→ Work order: As the answer, set down the lines below from the one containing "Red retro alarm" through the one containing "Watercolor Pleated Chiffon Skirt", exactly and inclusively, and no others.

→ Provided data:
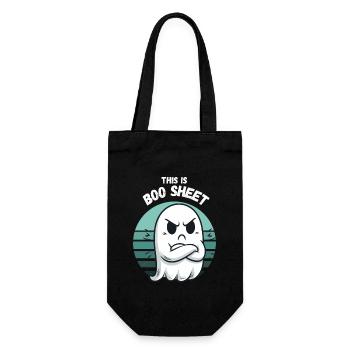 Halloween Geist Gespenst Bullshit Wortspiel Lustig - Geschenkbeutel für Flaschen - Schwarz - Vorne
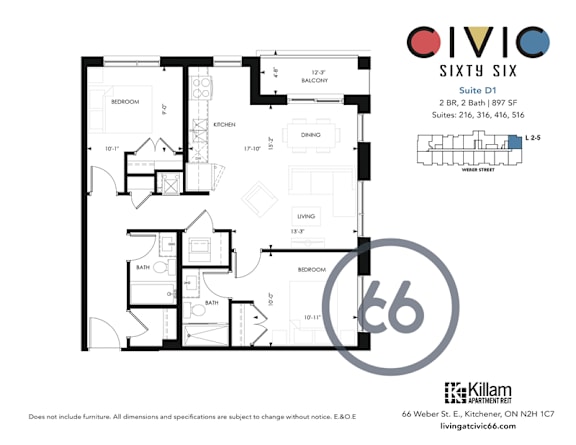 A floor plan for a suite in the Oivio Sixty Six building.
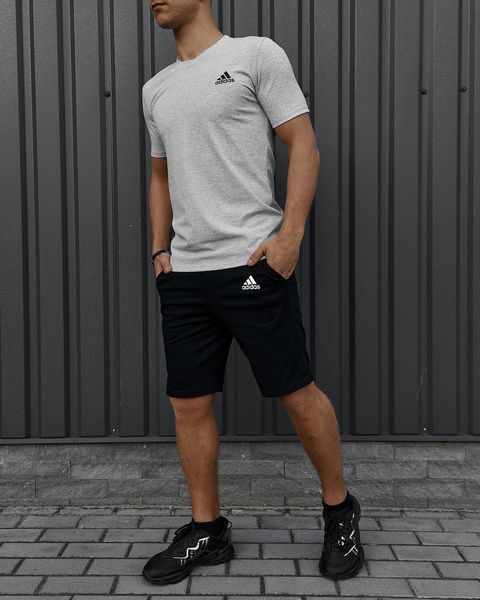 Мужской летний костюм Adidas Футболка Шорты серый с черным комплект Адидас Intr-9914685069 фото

...

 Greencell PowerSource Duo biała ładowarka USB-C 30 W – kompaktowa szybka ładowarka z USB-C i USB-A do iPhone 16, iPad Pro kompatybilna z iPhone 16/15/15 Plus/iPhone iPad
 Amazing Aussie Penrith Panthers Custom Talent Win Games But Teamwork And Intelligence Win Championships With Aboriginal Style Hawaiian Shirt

...

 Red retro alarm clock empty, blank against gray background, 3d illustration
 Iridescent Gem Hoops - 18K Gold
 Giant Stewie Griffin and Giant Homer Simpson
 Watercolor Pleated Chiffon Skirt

→ Your solution:
 Red retro alarm clock empty, blank against gray background, 3d illustration
 Iridescent Gem Hoops - 18K Gold
 Giant Stewie Griffin and Giant Homer Simpson
 Watercolor Pleated Chiffon Skirt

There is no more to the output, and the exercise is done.